(DATA SECTION Opens)
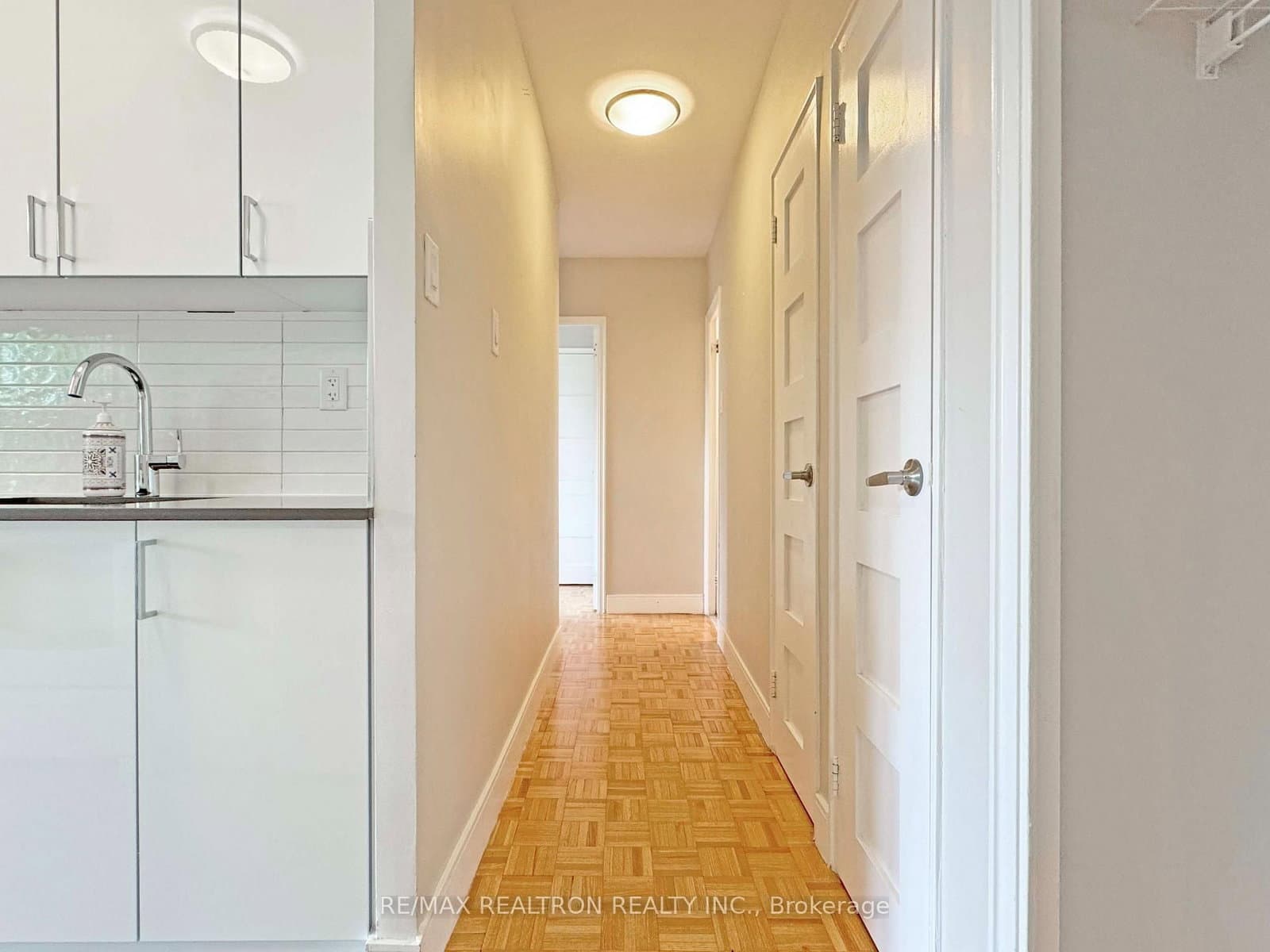 485 Huron Street, Unit 206 thumbnail 9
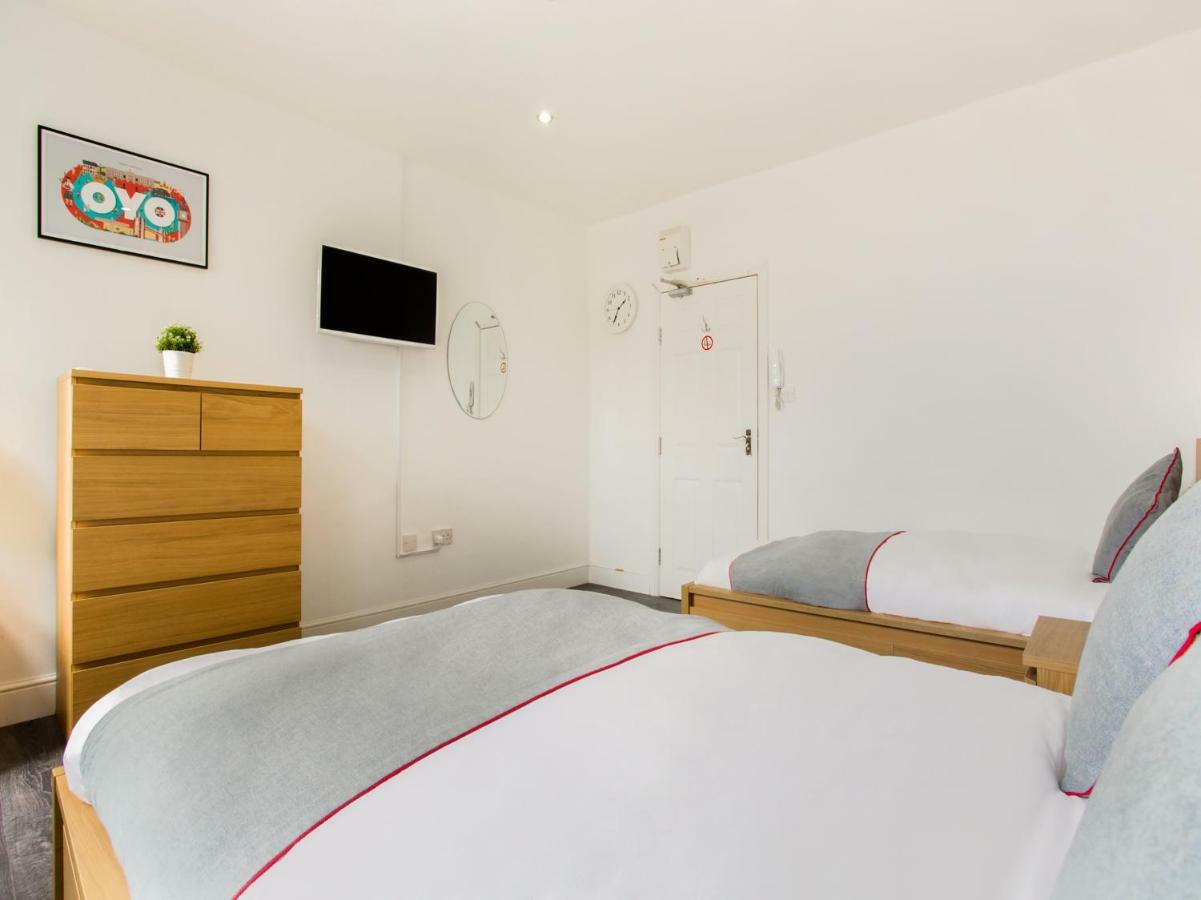 The Broadway Hotel - London Heathrow Southall Eksteriør billede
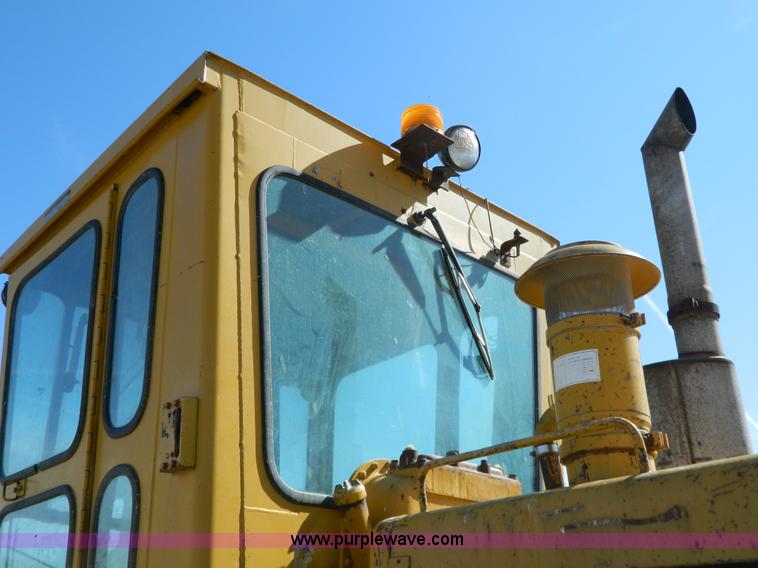 image for item G7837 1976 Caterpillar 120G motor grader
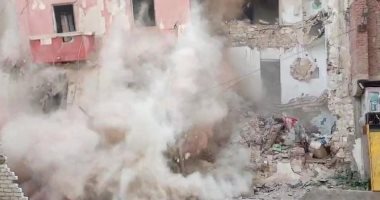 إزالة عقارات آيلة للسقوط تمثل خطورة داهمة بحى الجمرك فى الإسكندرية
(DATA SECTION Closes)
Write out exactly the lines from the line that contains "image for item" to the last line of the material above, both included; pictures do not belong in the copy.

RESULT OF THIS TASK ▸
 image for item G7837 1976 Caterpillar 120G motor grader
 إزالة عقارات آيلة للسقوط تمثل خطورة داهمة بحى الجمرك فى الإسكندرية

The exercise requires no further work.